Input data.
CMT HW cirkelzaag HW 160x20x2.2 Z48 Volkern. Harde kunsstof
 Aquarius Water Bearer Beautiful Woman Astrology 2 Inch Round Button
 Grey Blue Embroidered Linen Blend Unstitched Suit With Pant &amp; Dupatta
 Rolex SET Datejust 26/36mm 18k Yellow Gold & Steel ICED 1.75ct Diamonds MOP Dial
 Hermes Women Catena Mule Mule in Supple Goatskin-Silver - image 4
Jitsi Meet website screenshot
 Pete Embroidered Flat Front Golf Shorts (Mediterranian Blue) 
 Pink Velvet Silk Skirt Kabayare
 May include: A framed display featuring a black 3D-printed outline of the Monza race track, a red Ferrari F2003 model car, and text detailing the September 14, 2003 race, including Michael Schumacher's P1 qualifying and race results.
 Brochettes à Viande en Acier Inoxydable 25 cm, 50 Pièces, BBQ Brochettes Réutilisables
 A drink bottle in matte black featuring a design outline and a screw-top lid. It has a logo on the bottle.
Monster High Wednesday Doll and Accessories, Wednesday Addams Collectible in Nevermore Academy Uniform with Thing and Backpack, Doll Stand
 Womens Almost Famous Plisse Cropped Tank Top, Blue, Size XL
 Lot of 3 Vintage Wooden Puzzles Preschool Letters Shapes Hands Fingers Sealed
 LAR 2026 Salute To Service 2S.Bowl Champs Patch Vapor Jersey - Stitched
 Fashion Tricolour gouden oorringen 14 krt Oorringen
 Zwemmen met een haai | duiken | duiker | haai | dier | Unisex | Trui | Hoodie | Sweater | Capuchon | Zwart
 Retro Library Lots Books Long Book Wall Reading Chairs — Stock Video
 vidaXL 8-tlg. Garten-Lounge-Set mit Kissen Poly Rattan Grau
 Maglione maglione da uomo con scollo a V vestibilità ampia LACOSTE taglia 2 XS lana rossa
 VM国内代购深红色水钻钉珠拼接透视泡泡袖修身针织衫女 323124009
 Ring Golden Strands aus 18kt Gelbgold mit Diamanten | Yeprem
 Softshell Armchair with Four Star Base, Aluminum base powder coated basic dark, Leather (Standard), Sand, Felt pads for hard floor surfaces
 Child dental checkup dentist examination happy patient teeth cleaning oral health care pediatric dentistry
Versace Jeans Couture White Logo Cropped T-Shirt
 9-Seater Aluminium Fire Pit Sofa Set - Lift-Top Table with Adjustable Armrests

Work task.
Where a line in the preceding listing contains the word "Blue", include it in your count, and reply with that number alone.

Task result.
3